Give a human judge a description of A and B, and the sampling procedure for D, and ask them which they expect to perform better. A ≻ᴰ B if the human thinks that A would make significantly better decisions than B, on inputs sampled from D.

In some sense this definition gets very directly at what we care about. Suppose that some alternative AI control research program produced B, and that we would be happier using B than A. Then we are precisely satisfying this definition of A ≺ᴰ B.

An obvious problem with this approach is that determining which of A and B is better may itself be a very hard problem — indeed, it’s easy to believe that it includes all of the difficulty of the alignment problem.

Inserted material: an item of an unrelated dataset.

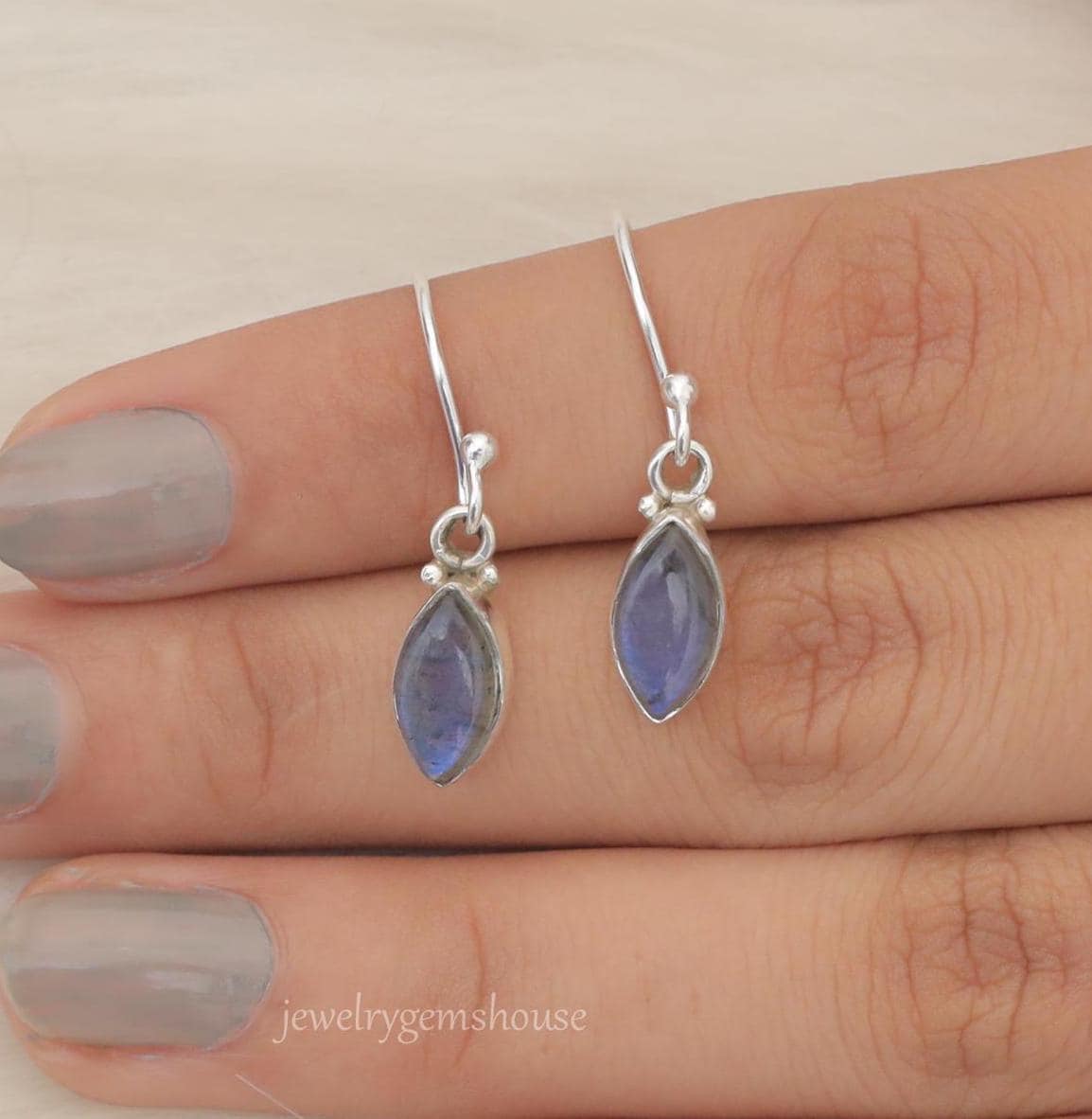Orecchini in labradorite, orecchini in argento sterling 925, orecchini a forma di marquise, orecchini pendenti in argento, gioielli boho fatti a mano,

The definition of efficiency still has teeth if we restrict our attention to algorithms B that “explain themselves,” e.g. that are accompanied with significant documentation and explanation. The description of the agent B could embody the entire output of the alternative research program that produced it.

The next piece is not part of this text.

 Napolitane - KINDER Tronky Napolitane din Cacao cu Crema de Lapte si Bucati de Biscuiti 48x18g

So this definition of betterness is adequate if we think that there are efficient and good decision-making protocols which are demonstrably good to existing humans. This definition is very unsatisfying if we think that evaluating a possible proposal, even given the best available arguments, is the core difficulty of AI control. This might be either because those arguments are necessarily extremely complex, or because there will be many bad proposals that are also supported by extremely convincing-looking arguments.

What we really want

Intuitively, I would like a definition along the lines of:

Draw a random x from D, compute A(x) and B(x). Give a human judge the same information, abilities, and insights, that A and B used to compute these quantities. A ≻ᴰ B if the human prefers A(x) with probability at least 2/3.

This definition smuggles all of the complexity into imagining that the human has the same “information, abilities, and insights” as the AI they are evaluating. I don’t have any candidate formalization of this idea, nor am I especially optimistic about being able to formalize it.

I do feel like I can reason about this definition intuitively and that it roughly captures my intuitive desiderata. This makes me more optimistic that there is some satisfactory definition of ≻.

Note that this definition is closely related to the goal in the informed oversight problem, which is roughly to ensure that the overseer “knows everything the AI knows.” In the informed oversight problem we are willing to assume that the overseer is significantly more powerful than the system they are overseeing. That may well be a necessary assumption to actually ensure that the overseer “knows everything the AI knows,” but it probably isn’t needed to define what it would mean for the overseer to “know everything the AI knows.”

Conclusion

We can try to define the goals of AI control by thinking about how AI systems relate to the underlying machine learning primitives. Such a framework wouldn’t cover all possible approaches to AI control, but where applicable it could be a great way to organize research and a useful analysis tool.

This post gave a step in that direction, but did not yet succeed. I would love to see other attempts, and I think there is a good chance that it will be possible to find a satisfying problem statement for AI control.